Which lines run from the line with "Samsun'da Coşkun Sabah rüzgarı" to the end of the entries? Write out exactly those, leaving out the pictures.

** Opening Study material block **

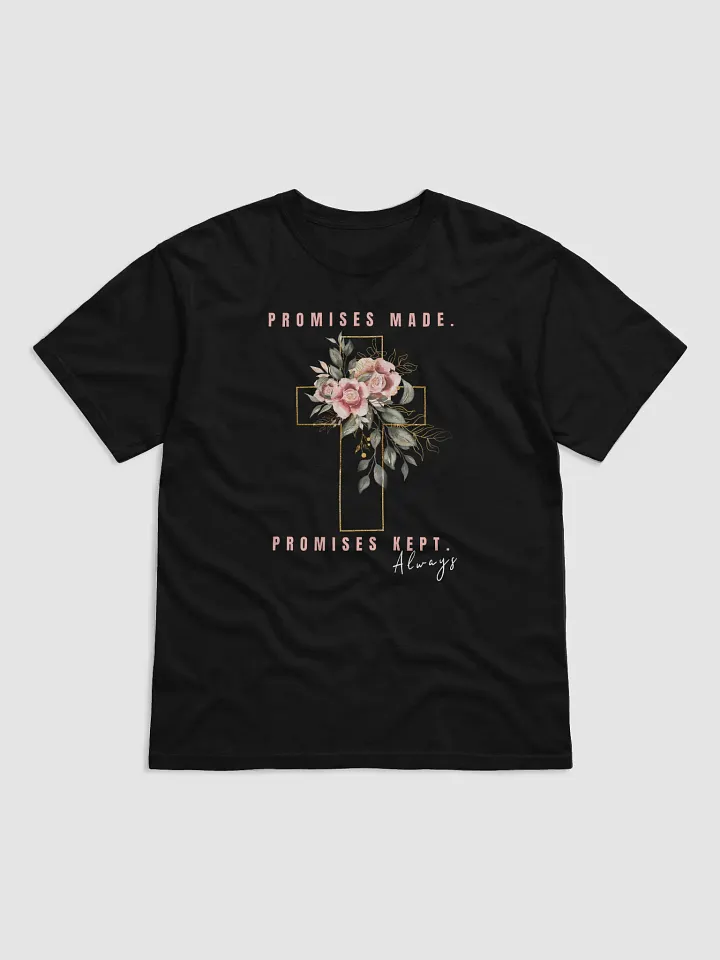 "Promises Made. Promises Kept." Tee product image (1)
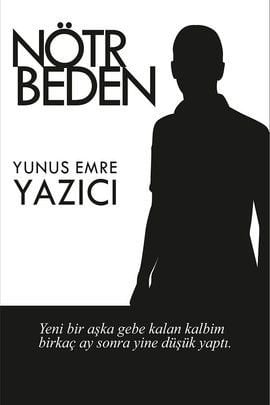 Nötr Beden, Yunus Emre Yazıcı, Hayal Yayınları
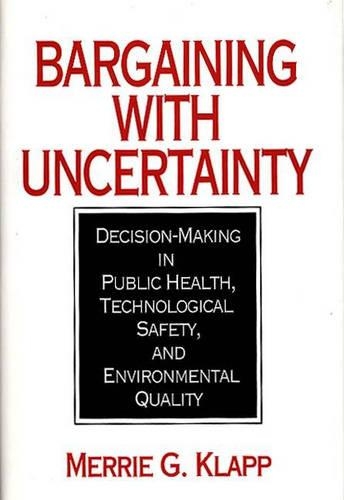 

Bargaining With Uncertainty: Decision-Making in Public Health, Technologial Safety, and Environmental Quality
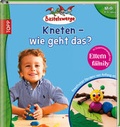 Cover: Kneten - wie geht das? - frechverlag GmbH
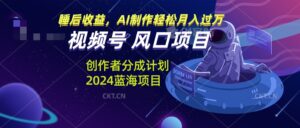 (13393期)视频号创作者分成计划风口项目,AI制作轻松月入过万-中创网_分享创业项目_助您在家赚钱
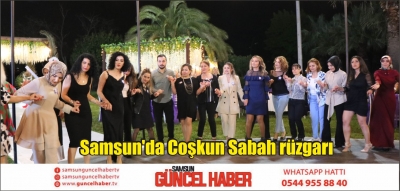 Samsun'da Coşkun Sabah rüzgarı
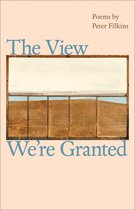 Johns Hopkins: Poetry and Fiction - The View We're Granted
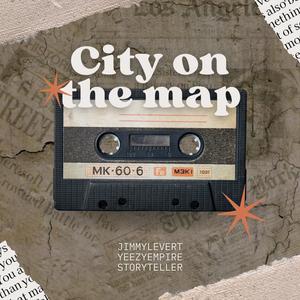 City on the map freestyle (feat. Jimmylevert & Storyteller) (Explicit)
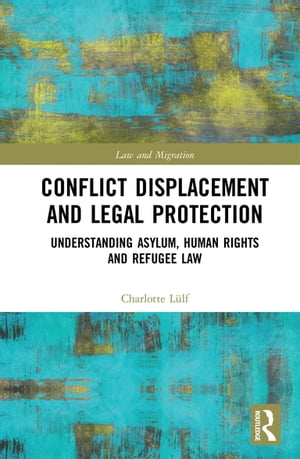 Conflict Displacement and Legal Protection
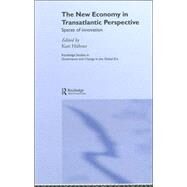 The New Economy in Transatlantic Perspective by Huebner; Kurt, 9780415336086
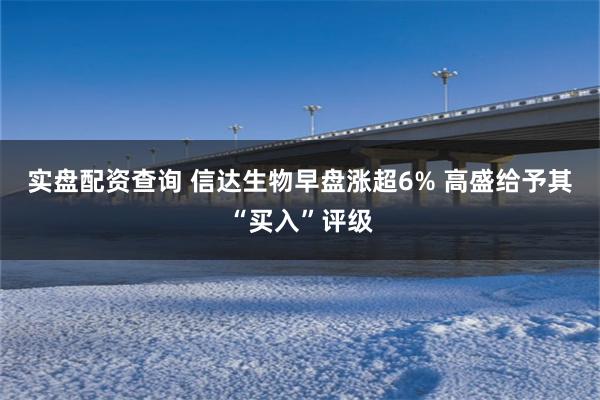 实盘配资查询 信达生物早盘涨超6% 高盛给予其“买入”评级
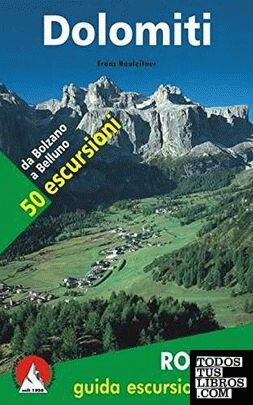 Dolomiti 50 escursioni guida escursionistica  (Dolomitas 50 Excursiones)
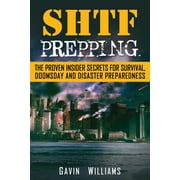 GAVIN WILLIAMS SHTF Prepping: The Proven Insider Secrets For Survival, Doomsday and Disaster (Paperback)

** Closing Study material block **

[Solution to this task]
 Samsun'da Coşkun Sabah rüzgarı
 Johns Hopkins: Poetry and Fiction - The View We're Granted
 City on the map freestyle (feat. Jimmylevert & Storyteller) (Explicit)
 Conflict Displacement and Legal Protection
 The New Economy in Transatlantic Perspective by Huebner; Kurt, 9780415336086
 实盘配资查询 信达生物早盘涨超6% 高盛给予其“买入”评级
 Dolomiti 50 escursioni guida escursionistica  (Dolomitas 50 Excursiones)
 GAVIN WILLIAMS SHTF Prepping: The Proven Insider Secrets For Survival, Doomsday and Disaster (Paperback)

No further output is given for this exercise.